In tkonopka/RGeneticThesaurus: Analysis of thesaurus-annotated genomic variants

RGeneticThesaurus

This vignette describes an application of package RGeneticThesaurus to analyze variants and mutations in a toy dataset.

Getting started

If you haven't already, install package RGeneticThesaurus from github. (If you need to, uncomment the following lines)

## library("devtools")
## install_github("tkonopka/RGeneticThesaurus")

After the installation, load the package

library("RGeneticThesaurus")

Toy dataset

In what follows, we will use a toy dataset that is bundled with the package. This dataset consists of a synthetic "normal" sample, a matching "tumor" sample, and all associated variant analysis files.
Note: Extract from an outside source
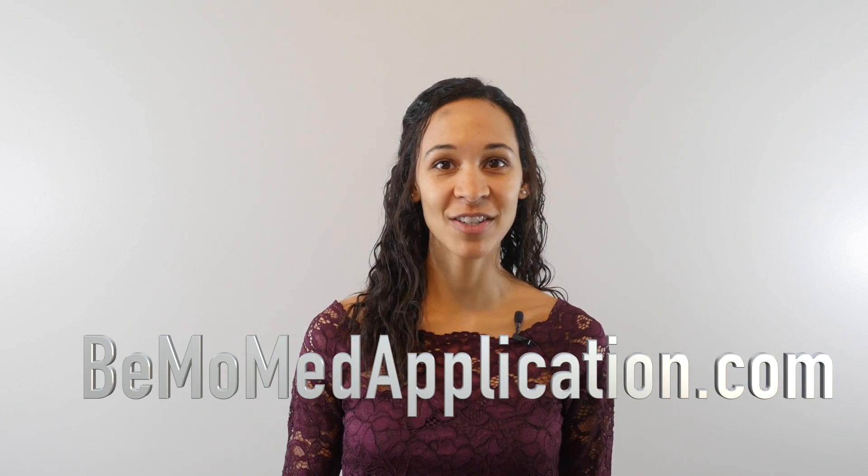Hi, I'm Nadine Evans from BMO Academic Consulting. Before we dive in, subscribe on whatever social media channel you're watching this from so you won't miss any of our upcoming videos. If you want us to help you with your medical school application, go to bmomedapplication.com to schedule your free initial consultation.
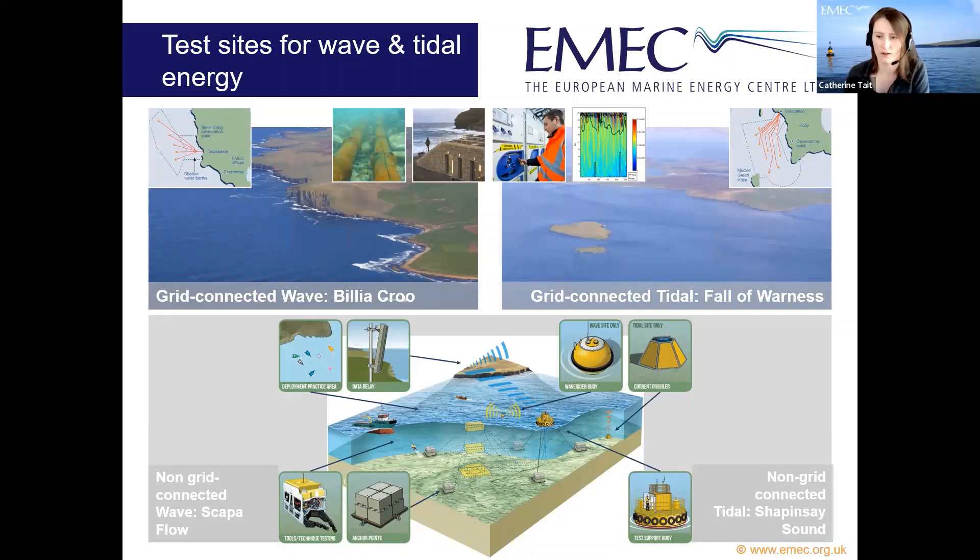We have four offshore test sites for developers to demonstrate their technologies — two full-scale grid-connected sites for wave and tidal devices each. Our wave site is at Billia Croo and the tidal site is called Fall of Warness. The wave test site sees significant wave heights averaging two to three meters, peaking up to eight to ten meters in winter, while tidal current streams can reach up to four meters per second.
We will have available the following:

known germline variants in the normal sample;
known somatic mutations in the tumor sample;
synthetic data and alignments for both the normal and tumor samples;
called variants in both the normal and tumor samples;
thesaurus annotations for variants in the tumor sample.

The first two categories are known by definition (the toy dataset is a synthetic dataset). Files under points 3 and 4 are bundled with the package for completeness, but we will not use them directly in this vignette. Files under point 5 consist of output from the java program GeneticThesaurus - they include annotated variant call files and associated thesaurus supplementary files.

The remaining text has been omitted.